Show that stopping time $T$ is $\mathscr{F}_T$ measurable.
I presume that means for any Borel set $B$, that $\{T \in B\} \cap \{T \le t \} \in \mathscr{F}_t$. I'm not sure how to do this or if this is even possible.
 A: I assume it can be solved by just plugging in the definition. Indeed, $T$ is $\mathscr{F}_T$-measurable if and only if
$$ \{T\le t\} \in \mathscr{F}_T,\quad \forall t\ge 0,$$
which is true if and only if
$$\{ T\le \min(t, s)\} \in \mathscr{F}_s, \quad\forall t,s\ge 0.$$
However, by definition of filtration we know it is always the case that $\mathscr{F}_s \supset \mathscr{F}_{\min(t,s)}$. Hence the last statement is true.

Moreover, observe that your $\mathscr{F}_T$ is well defined for any $T$, even if $T$ is not a stopping time.
Now suppose, on the contrary, that $T$ is not a stopping time, then $\{T\le t\} \notin \mathscr{F}_t$ for some $t \ge 0$. This means that for $s=t$, we have $\{T\le \min(s,t)\}\notin \mathscr{F}_s$, hence $T$ is not $\mathscr{F}_T$-measurable.

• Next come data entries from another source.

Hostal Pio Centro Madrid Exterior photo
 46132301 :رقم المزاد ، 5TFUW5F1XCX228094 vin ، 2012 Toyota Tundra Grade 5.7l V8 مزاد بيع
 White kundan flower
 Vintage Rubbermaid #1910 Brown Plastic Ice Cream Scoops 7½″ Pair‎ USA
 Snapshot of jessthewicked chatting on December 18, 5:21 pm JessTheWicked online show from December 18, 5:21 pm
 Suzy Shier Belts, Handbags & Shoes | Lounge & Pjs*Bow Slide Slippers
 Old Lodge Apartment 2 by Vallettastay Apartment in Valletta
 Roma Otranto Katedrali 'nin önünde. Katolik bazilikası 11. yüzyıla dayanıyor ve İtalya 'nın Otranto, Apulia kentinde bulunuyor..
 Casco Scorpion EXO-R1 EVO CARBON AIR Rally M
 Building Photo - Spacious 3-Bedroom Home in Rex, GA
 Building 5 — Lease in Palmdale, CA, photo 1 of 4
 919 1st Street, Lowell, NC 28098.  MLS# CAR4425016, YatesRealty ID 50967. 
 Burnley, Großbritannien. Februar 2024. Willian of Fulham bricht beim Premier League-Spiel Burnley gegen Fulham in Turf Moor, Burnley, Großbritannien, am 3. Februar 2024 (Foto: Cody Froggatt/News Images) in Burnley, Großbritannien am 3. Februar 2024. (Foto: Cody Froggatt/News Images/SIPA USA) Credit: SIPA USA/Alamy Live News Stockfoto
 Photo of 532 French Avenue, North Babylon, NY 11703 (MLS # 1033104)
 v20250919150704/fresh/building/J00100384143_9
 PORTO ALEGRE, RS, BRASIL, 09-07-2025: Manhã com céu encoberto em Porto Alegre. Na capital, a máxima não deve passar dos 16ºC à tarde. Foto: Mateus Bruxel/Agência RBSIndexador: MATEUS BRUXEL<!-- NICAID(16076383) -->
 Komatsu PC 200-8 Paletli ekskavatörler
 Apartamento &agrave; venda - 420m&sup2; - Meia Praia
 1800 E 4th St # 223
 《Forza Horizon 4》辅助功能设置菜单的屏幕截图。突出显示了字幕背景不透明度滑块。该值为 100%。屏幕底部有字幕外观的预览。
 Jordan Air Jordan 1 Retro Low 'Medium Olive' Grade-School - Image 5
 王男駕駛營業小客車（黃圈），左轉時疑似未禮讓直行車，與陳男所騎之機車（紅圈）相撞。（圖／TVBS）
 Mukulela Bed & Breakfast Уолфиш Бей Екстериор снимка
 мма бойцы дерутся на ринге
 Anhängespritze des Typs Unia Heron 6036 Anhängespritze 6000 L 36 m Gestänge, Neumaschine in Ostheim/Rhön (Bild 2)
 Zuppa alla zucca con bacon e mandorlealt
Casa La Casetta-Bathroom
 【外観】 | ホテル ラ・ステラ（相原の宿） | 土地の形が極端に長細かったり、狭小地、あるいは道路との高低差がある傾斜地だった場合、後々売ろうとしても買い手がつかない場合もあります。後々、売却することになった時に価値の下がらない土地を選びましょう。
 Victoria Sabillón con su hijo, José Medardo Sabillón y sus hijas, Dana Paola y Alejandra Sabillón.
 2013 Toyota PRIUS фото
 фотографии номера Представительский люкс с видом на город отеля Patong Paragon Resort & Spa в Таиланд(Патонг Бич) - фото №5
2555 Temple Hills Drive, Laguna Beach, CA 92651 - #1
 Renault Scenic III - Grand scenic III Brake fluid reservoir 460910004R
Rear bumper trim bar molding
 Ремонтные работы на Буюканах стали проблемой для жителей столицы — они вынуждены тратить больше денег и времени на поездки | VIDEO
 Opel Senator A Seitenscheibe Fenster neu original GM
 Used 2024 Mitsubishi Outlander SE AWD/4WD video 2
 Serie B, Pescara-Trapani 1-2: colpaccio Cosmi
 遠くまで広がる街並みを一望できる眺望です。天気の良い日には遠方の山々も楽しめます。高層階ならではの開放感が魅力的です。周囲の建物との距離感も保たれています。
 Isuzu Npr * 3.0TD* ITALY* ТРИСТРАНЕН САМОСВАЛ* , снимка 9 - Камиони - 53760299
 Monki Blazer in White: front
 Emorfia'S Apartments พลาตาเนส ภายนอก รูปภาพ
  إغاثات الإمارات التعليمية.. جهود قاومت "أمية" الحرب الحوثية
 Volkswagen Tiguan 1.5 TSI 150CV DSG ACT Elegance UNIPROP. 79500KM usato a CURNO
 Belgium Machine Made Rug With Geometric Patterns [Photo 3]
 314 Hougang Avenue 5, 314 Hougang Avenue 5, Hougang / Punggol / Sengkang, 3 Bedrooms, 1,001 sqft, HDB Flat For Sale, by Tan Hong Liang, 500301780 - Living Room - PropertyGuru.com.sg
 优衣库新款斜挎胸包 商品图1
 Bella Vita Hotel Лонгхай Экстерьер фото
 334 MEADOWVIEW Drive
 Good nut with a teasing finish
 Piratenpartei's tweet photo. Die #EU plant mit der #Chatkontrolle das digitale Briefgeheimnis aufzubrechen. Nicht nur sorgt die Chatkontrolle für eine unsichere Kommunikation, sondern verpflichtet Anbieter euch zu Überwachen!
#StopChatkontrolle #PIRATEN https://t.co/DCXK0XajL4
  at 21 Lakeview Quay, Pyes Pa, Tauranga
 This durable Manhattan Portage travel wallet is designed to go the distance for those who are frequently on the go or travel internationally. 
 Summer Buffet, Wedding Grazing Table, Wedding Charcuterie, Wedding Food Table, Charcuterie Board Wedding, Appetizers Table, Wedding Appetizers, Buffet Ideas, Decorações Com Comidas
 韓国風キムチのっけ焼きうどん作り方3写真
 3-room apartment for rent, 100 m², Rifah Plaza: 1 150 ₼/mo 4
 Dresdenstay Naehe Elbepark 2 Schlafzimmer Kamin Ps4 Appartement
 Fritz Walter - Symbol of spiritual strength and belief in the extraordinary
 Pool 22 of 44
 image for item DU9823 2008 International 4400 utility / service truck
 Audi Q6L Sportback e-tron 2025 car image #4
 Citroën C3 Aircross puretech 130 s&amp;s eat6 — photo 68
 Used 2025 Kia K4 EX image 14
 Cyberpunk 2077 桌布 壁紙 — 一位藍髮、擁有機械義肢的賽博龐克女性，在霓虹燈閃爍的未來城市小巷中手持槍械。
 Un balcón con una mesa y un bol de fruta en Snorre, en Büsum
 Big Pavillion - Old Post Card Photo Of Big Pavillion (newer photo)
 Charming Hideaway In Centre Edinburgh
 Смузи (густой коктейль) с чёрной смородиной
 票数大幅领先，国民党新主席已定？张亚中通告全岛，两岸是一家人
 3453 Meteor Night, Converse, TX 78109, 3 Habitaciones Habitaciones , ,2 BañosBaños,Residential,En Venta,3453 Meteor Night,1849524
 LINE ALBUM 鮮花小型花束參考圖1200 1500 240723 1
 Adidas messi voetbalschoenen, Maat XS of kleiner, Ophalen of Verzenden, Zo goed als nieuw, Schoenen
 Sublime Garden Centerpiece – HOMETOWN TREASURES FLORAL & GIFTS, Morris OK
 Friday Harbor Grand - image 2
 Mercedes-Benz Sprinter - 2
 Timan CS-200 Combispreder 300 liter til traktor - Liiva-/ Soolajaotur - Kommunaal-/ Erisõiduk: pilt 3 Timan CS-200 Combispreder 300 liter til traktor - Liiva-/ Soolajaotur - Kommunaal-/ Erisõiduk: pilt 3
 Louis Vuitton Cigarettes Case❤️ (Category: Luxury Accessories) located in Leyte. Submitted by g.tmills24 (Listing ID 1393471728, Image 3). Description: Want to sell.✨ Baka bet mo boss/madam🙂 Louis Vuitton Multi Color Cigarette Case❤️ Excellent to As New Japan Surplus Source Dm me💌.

We conclude that $T$ is a stopping time if and only if $T$ is $\mathscr{F}_T$-measurable. Hence the latter can in fact serve as an alternative definition of $T$ being a stopping time.
A: It is enough to show that for any $a\in\mathbb{R}$, $\{T\leq a\}\in\mathcal{F}_T$ (why?)
Now, for any $t\geq0$,
$$\{T\leq a\}\cap\{T\leq t\}=\{T\leq a\wedge t\}$$
If $a< 0$, then $\{T\leq a\wedge t\}=\emptyset\in\mathcal{F}_t$, while if $a\geq0$, $\{T\leq a\wedge t\}\in\mathcal{F}_{a\wedge t}\subset\mathcal{F}_t$.
Hence $\{T\leq a\}\in \mathcal{F}_T$ for all $a\in\mathbb{R}$.

Here, $a\wedge t:=\min(a, t)$.